Финал о Сибири: Решающий поворот. Вместо бегства на абстрактный «юг» герой вспоминает свою подлинную, экзистенциальную почву.
«В Сибири рос»: Констатация факта, корня.
«Сибирь всегда…»: Признание её вечной, неизменной сути в его внутреннем мире.
«Сибирь мне спутница доныне»: Сибирь становится не местом, а внутренней спутницей, частью личности. Это не географический пункт, а метафизическая родина, внутренний ландшафт души, который невозможно сбросить как «февраль». В контексте других стихов Ложкина Сибирь — символ чистого, сурового, белого пространства для новой записи бытия («Началом — положив Сибирь»).
3. Структура и интонация: от претензии к открытию.
Ультиматум: Требование не смотреть на него «февралём».
Оправдание бунта: Вопрос «с какого перепугу?», отказ от обета.

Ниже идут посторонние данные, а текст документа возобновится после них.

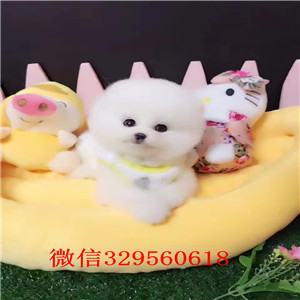 哈尔滨出售纯种博美  博美多少钱  白色博美  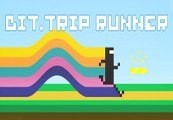 BIT.TRIP RUNNER PC Steam CD Key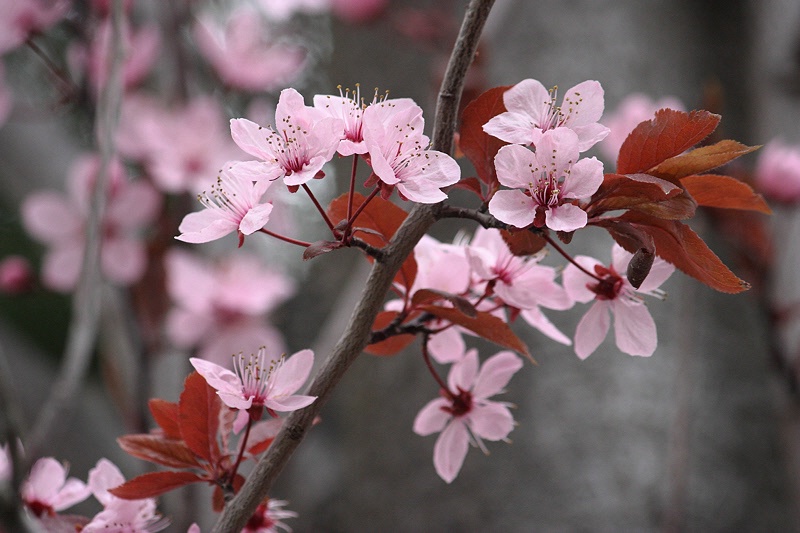 Blooming joyfully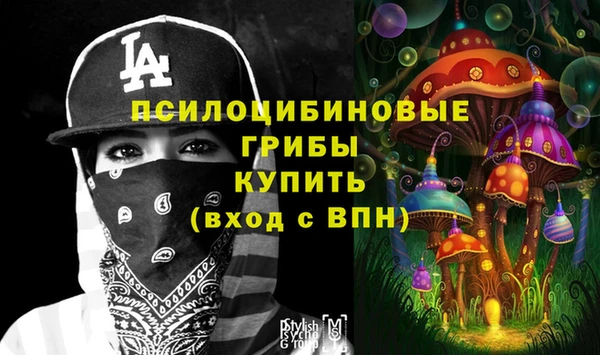 Альфа ПВП Новозыбков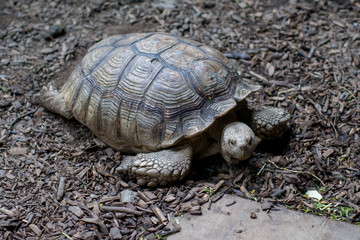 great Seychelles turtle in the forest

План бегства: Предложение рвануть на юг.
Глубинная просьба: Сменить саму «погоду» восприятия.
Призыв к прорыву: Выйти за пределы дуальности.
Финал-откровение: Вместо бегства — признание в вечной связи с Сибирью-спутницей.

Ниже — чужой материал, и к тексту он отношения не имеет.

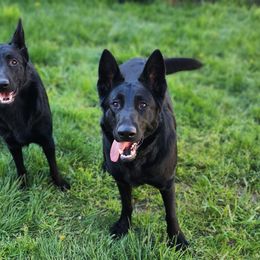 German Shepherd Puppies from Vom Cosabar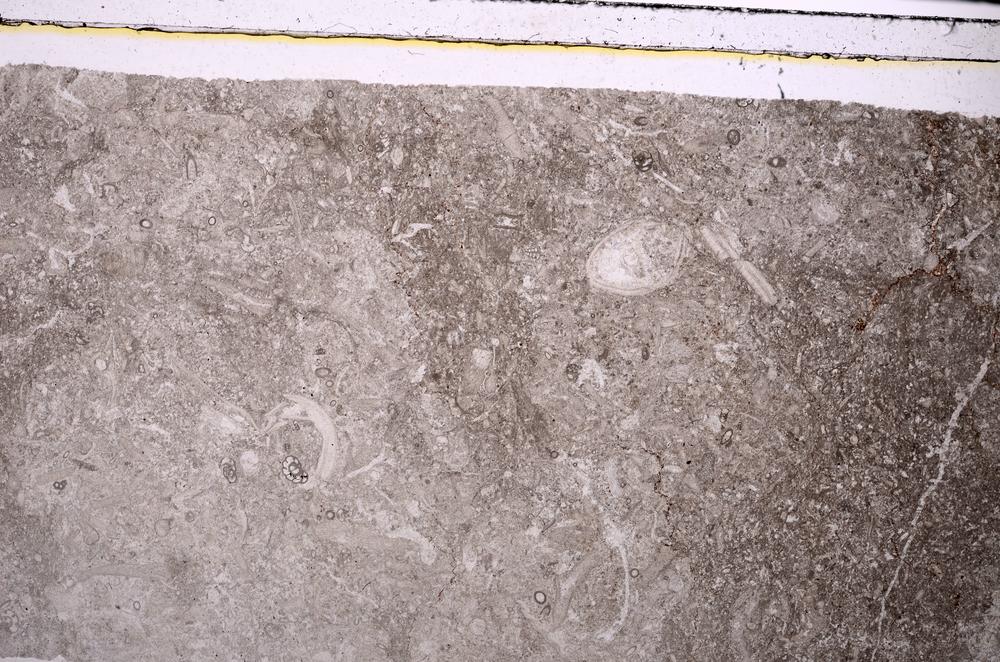 Plane Polarized, E45943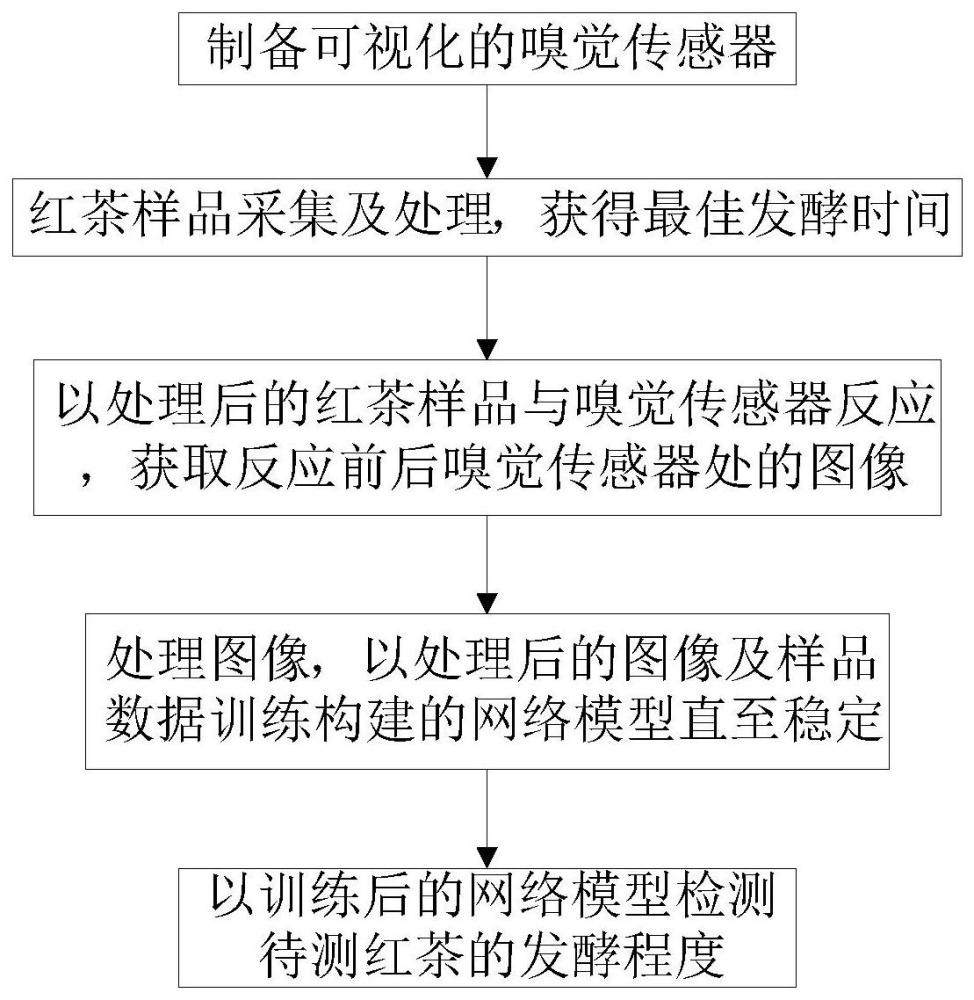 基于嗅觉可视化的红茶发酵程度快速检测方法及其应用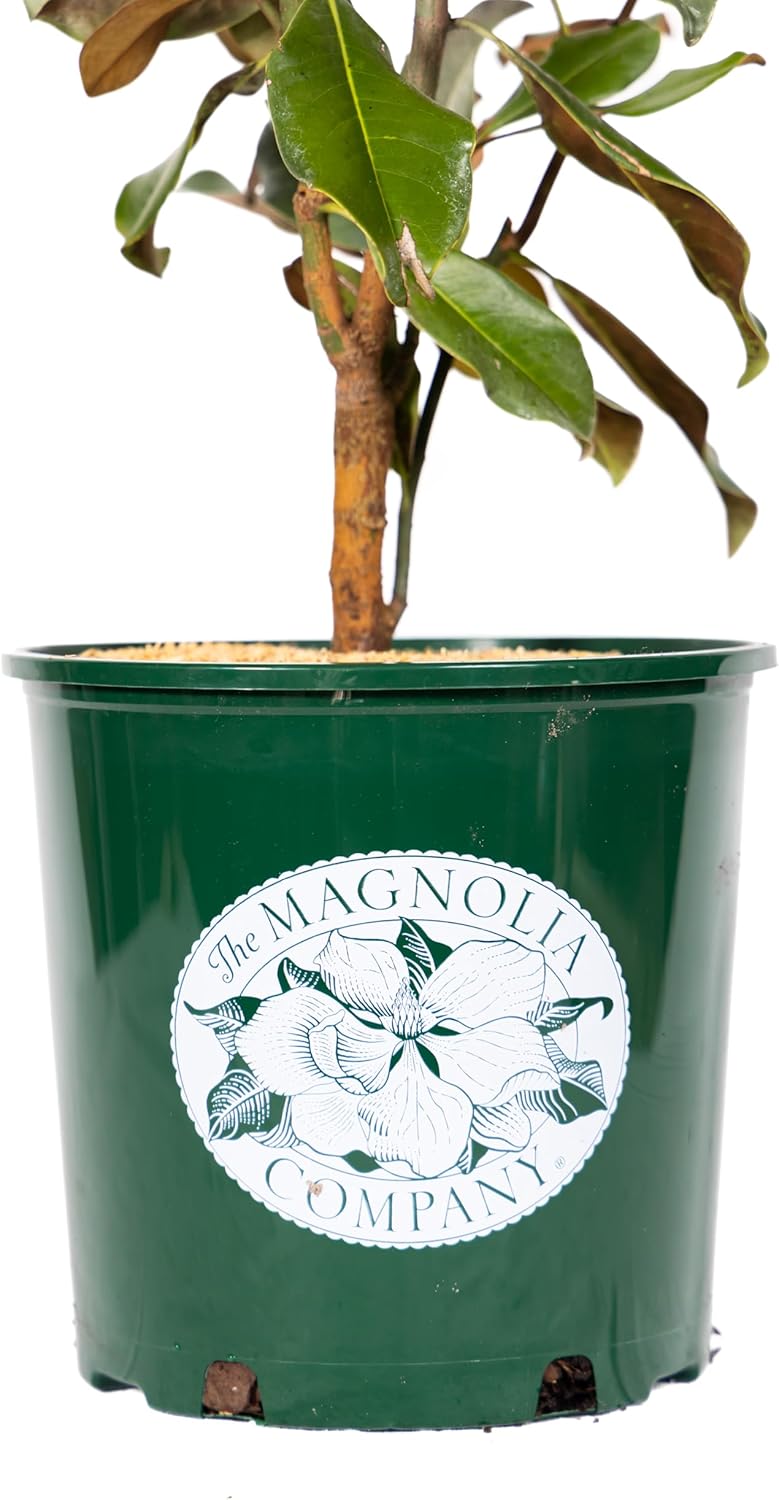Magnolia Tree DD Blanchard Variation, Live Plant, Magnolia Flower, 3-4 Feet Tall, Southern Landscaping Plant Perfect for Home Growers, by The Magnolia Company, Can not Ship to CA, AK, HI, PR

Интонация разговорная, с нервными срывами («Иди ты... Да!»), что создаёт эффект спонтанной, живой речи.
4. Связь с общей системой Ложкина
Это экзистенциальное измерение климатической метафоры. Если в других текстах холод и тепло были элементами космической системы («приливы-отливы», «лучи»), то здесь они становятся категориями личного самоощущения в мире. «Февраль» — это состояние отчуждения от жизни.
Требование выйти «за полярный круг» ума перекликается с поиском «не открытых станций» в «Метровском» и «неочевидности» в «Нечто новом». Герой ищет выход за пределы заданных опций.

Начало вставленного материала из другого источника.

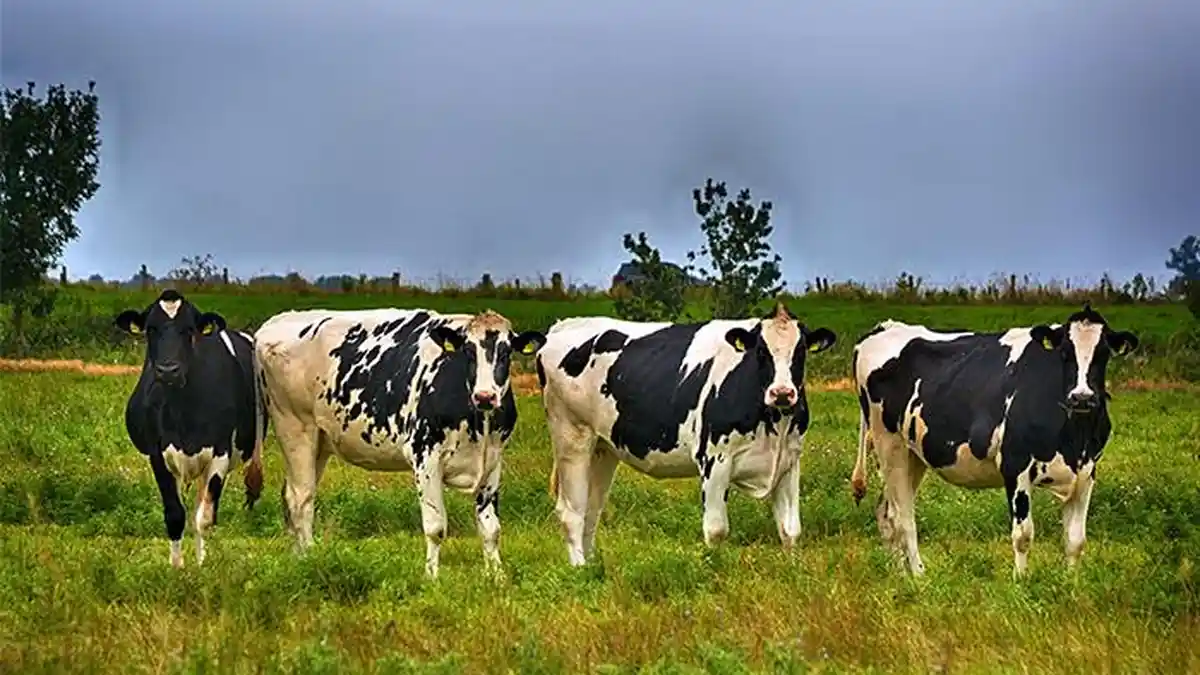 Australia Kirim 1.383 Sapi Perah ke Indonesia, Perkuat Pasokan Susu untuk Program MBG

Образ Сибири как спутницы — ключевой. Это развитие темы Сибири как «чистого листа» («Собачье») и внутреннего пейзажа, который заменяет внешнюю «погоду». В «Греюшке» тепло было внутри, здесь внутренним компасом, «спутницей» становится целый континент духа — суровая, но своя Сибирь.
Отказ «кружить попам в угоду» перекликается с сатирическим пафосом «Победоносного» — это бунт против любого навязанного, неискреннего ритуала.
Вывод:
«Жизни» — это стихотворение о бунте против навязанного сценария бытия и обретении опоры не в бегстве, а в памяти о своей внутренней «метафизической родине». Герой начинает с требований к внешней жизни («смени погоду»), но заканчивает признанием, что его единственная постоянная «спутница» — это внутренняя Сибирь, выросшая в нём самом. Не «юг» исцеляет от «февраля», а осознание того, что ты сам носишь в себе целый континент, способный быть точкой отсчёта. В этом — парадоксальный ответ: чтобы изменить жизнь, нужно не бежать от её «февраля», а найти в себе свою вечную «Сибирь» и сделать её союзницей. Это акт принятия своей сущности как основы для подлинного, а не беглого существования.